The two main characters in this book are twins. We have Brysen, who was never good enough for their alcoholic father, and was beaten regularly. He’s also stubborn, irresponsible, and reckless. His sister has an ancient power to control falcons, but she refuses to learn how to control it because she doesn’t want to overshadow her good-for-nothing brother. (She also might be asexual, but it’s not explicitly stated in the book. It’s heavily implied, though.)
The two dysfunctional siblings set out to capture the near-mythical bird that killed their father, in order to save the life of Brysen’s lover, falconry trainer, and manipulator, Dymian. They’re joined by Nyall, a boy in love with Kylee who doesn’t care that she doesn’t love him back. (In the truly-good-guy way, not in the creepy way. I like Nyall. He’s good people.)
They of course run into dangers in the mountains that the bird lives in, and the book is about that journey. Interspersed with their story is the occasional scene of the invaders sweeping across the land elsewhere. I wish we had a better sense of time – both how long before the invaders near the Six Villages where Brysen and Kylee are, and how long their journey in the mountains takes. That could have been much better communicated.
Kylee frustrates me – she could be so badass, and if she’d use her powers, it could get her what she wants. She’s trying to earn enough money catching and selling birds of prey to get out of the business entirely. (She has to pay off their father’s debts first.) So why not use her powers to call down a few of the most valuable birds and BE DONE WITH IT? How does this not occur to her? As far as I can tell, the only real reason she doesn’t want to be a falconer is she knows she’d be excellent at it and she doesn’t want to overshadow her brother, whose dream it’s been to be a great falconer. News flash. Your brother is worthless, girl. If he wants to be great maybe he should buckle down and focus instead of blaming those around him for his misfortunes.

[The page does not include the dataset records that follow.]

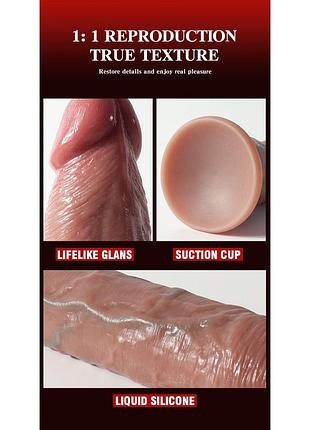 Фалоімітатор на присосці alfa manuel (liquid silicone) 4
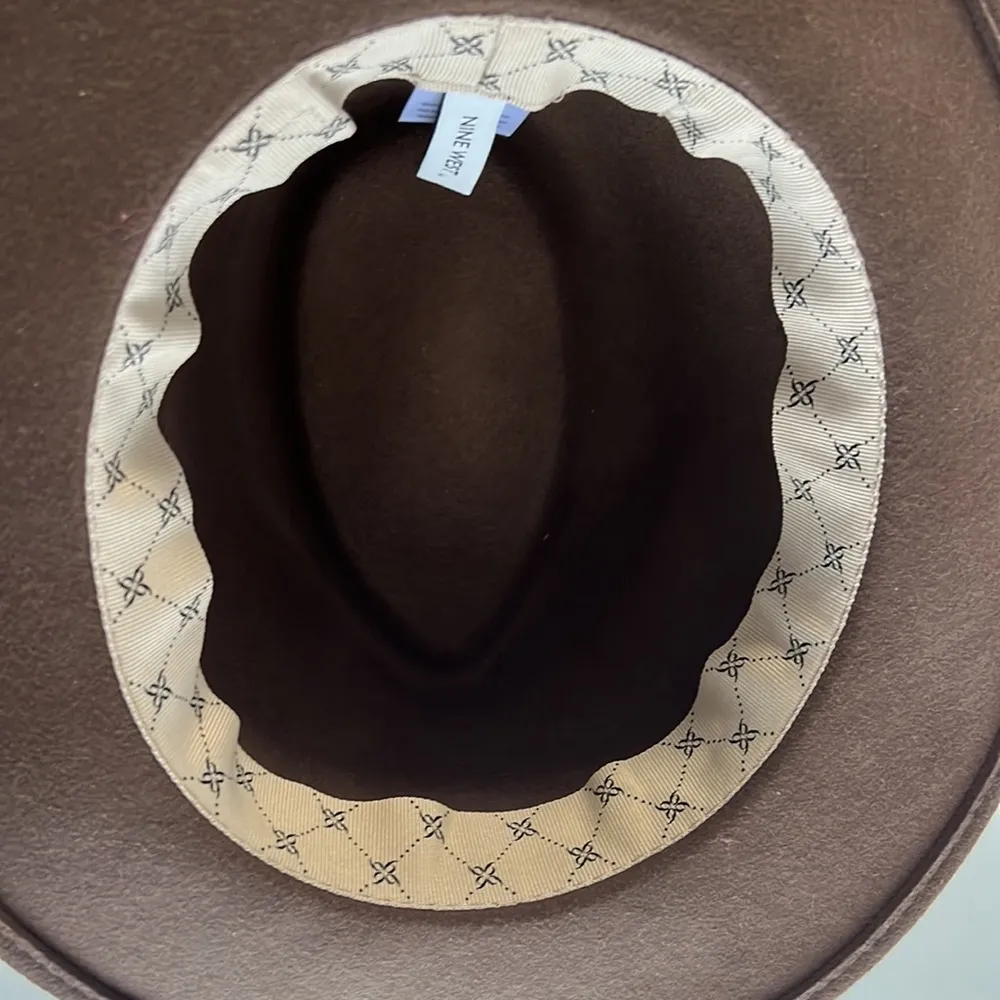 Nine West Wool Hat Brown OS - Image 5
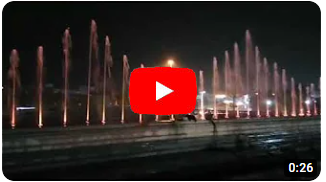 fountain installation with lights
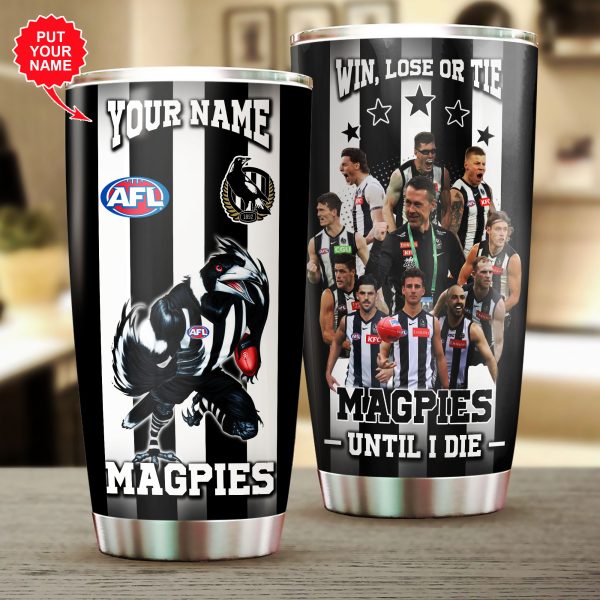 Personalized Collingwood FC Tumbler Cup - VANDH 276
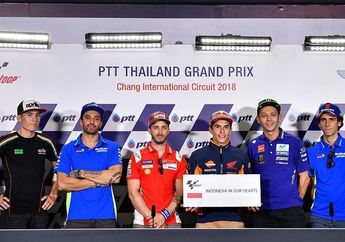 Indonesia In Our Hearts, Pesan Dukungan Pembalap MotoGP untuk Korban Gempa Palu
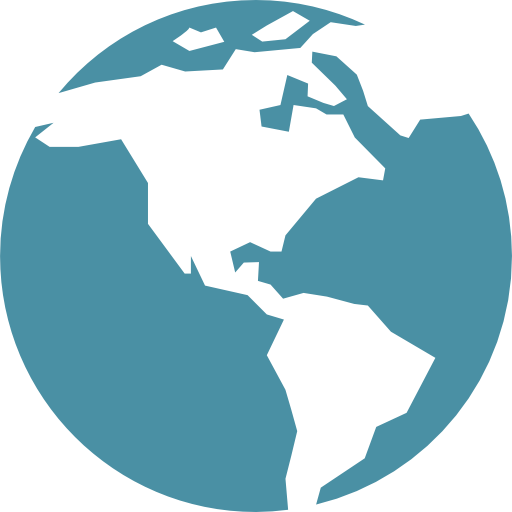 Globe icon.
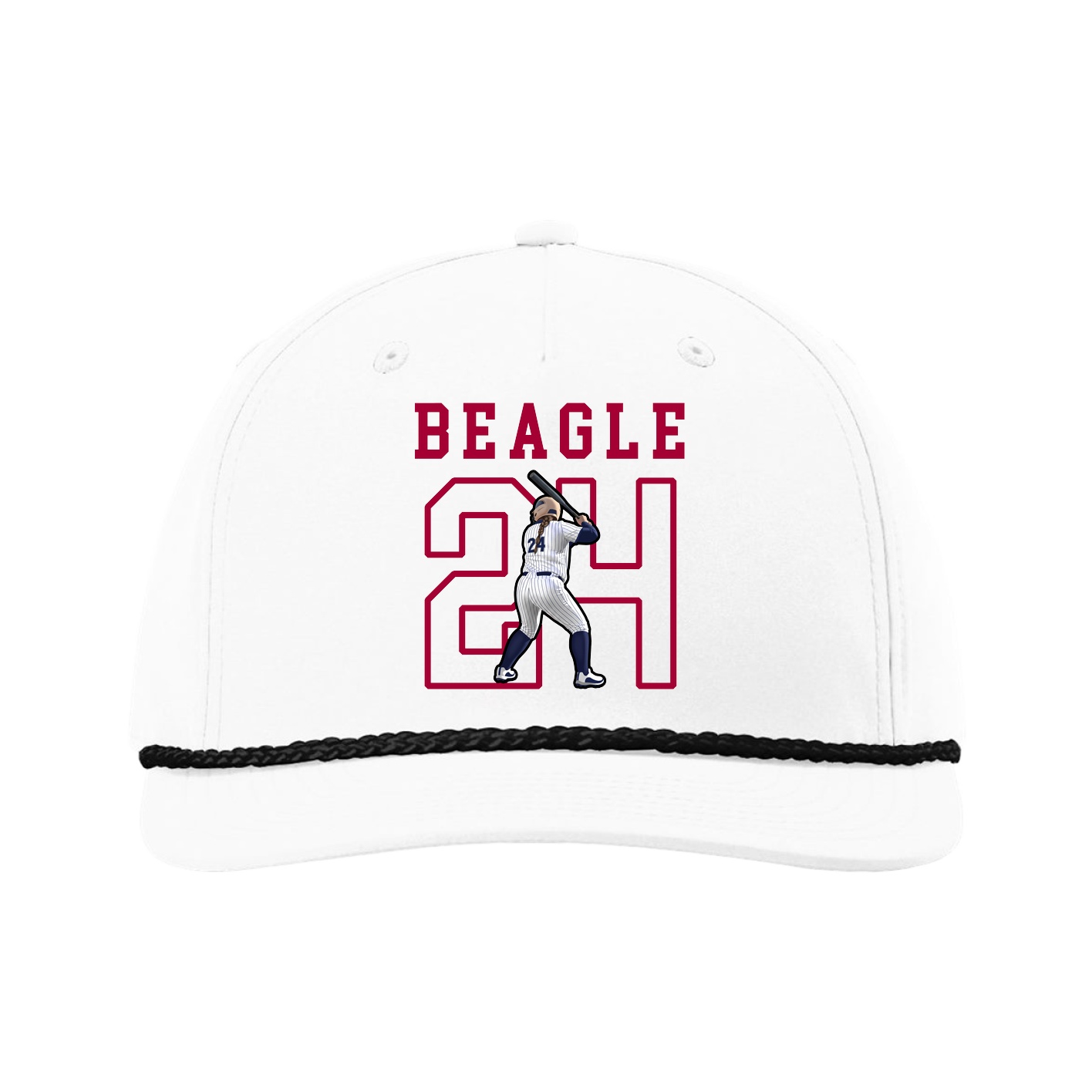 Five-Panel Classic Rope Cap — Shirsey in White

So I’m not sure what my overall opinion of this book is. The world-building is shaping up to be interesting, but needs more fleshing out. The writing itself is pretty good, it flows nicely but needs a better sense of time. The characters’ motivations are clear but occasionally frustrating. I am a little invested in seeing what happens in the next book, but I’m not sure I’m invested enough to spend the time to read it. I’ll make that decision when it comes out, I suppose.

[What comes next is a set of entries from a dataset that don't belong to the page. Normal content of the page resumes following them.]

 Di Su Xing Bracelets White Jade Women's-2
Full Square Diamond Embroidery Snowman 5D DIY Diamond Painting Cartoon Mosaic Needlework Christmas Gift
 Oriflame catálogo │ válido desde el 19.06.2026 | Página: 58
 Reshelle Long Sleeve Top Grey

From the cover of Black Wings Beating:
THEY’LL RISE TOGETHER OR FALL ALONE
The people of Uztar have long looked to the sky with hope and wonder. Nothing in their world is more revered than birds of prey, and no one is more honored than the falconers who call them to their fists.
Brysen strives to be a great falconer, while his twin sister, Kylee, possesses ancient gifts for it but wants to be free of falconry altogether. She’s nearly made it out, too, but a war is rolling toward the Six Villages, with a rebel army leaving nothing in its wake but blood and empty sky. No bird or falconer will be safe from this invasion.
Together the twins must embark on a journey into the treacherous mountains to trap the near-mythic ghost eagle, a solitary killer and the most feared of the Uztari birds of prey. They each go for their own reasons: Brysen for the boy he loves and the glory he’s long craved, and Kylee to atone for her past and protect her brother’s future. But they both are hunted by those who seek one thing: power.
With this book, Alex London launches a soaring saga about the memories that haunt us, the histories that hunt us, and the bonds of blood between us.
Sounds a little underwhelming but maybe the second book will be better–one can hope!
The sibling dynamic here sounds incredible frustrating! I don’t feel like the reluctant hero trope itself bothers me, but it involves not making use of perfectly good magical powers, I am not on board.